Equally the ECtHR’s strong stress
on the procedural elements of such cases logically applies by analogy to cases
falling within the scope of the Returns Directive. While the ECJ in the Abdida judgment did not refer to its own
jurisprudence on the right to a hearing for irregular migrants (discussed here),
it is now necessary to update that approach in light of the ECtHR ruling, given
the strong link which the latter judgment establishes between the procedural and
substantive aspects of what I have referred to as ‘alternative protection’. The
ECJ will have an opportunity to address this issue in the months to come, in
the pending cases referred to above.
While the ECtHR judgment referred
to a need to cooperate with the country of origin in order to check conditions
there, in the EU context this might arguably in some cases entail by analogy a
check on health conditions in another
Member State, which would be responsible for that person under the Dublin
rules. The ECJ has yet to determine how its interpretation of the Returns
Directive in medical cases fits together with the application of the Dublin
rules, which in principle apply if the person concerned has at one point
applied for international protection (refugee status or subsidiary protection)
within the EU. (Mr.
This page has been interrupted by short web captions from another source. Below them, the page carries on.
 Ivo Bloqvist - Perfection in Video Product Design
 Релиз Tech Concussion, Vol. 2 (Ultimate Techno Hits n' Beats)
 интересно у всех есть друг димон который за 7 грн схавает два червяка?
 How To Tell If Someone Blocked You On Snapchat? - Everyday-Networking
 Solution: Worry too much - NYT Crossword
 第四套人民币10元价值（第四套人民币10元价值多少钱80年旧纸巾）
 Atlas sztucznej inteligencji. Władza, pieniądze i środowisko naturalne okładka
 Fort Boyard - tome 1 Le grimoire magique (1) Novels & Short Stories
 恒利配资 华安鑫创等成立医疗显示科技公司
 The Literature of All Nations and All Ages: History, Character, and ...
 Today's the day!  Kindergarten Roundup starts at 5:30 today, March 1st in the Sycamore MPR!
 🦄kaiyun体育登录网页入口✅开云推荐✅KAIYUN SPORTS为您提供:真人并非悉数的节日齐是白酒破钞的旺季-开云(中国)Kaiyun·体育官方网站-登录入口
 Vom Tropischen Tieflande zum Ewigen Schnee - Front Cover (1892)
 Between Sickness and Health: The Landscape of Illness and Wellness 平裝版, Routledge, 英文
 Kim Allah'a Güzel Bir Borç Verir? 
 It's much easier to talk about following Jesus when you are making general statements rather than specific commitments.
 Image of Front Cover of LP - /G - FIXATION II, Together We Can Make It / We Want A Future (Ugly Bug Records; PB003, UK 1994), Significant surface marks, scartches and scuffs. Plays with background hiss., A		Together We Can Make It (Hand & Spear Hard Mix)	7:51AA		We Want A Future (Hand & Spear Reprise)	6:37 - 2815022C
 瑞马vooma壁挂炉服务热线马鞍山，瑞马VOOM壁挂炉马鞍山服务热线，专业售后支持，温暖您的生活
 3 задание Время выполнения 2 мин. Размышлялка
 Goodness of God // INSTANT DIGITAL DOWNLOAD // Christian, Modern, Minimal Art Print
Paposhvili was originally subject to the Dublin rules, but
it seems that the plan to remove him to Italy pursuant to those rules petered
out).
Finally, it should be noted that
the ECtHR also found a breach of Article 8 ECHR (the right to family life), on similar
procedural grounds. This might be relevant to interpretation of the EU’s family
reunion Directive, for those who fall within the scope of that Directive
and who argue on the basis of the factors to consider during expulsion
proceedings pursuant to Articles 17 and 18 of that law.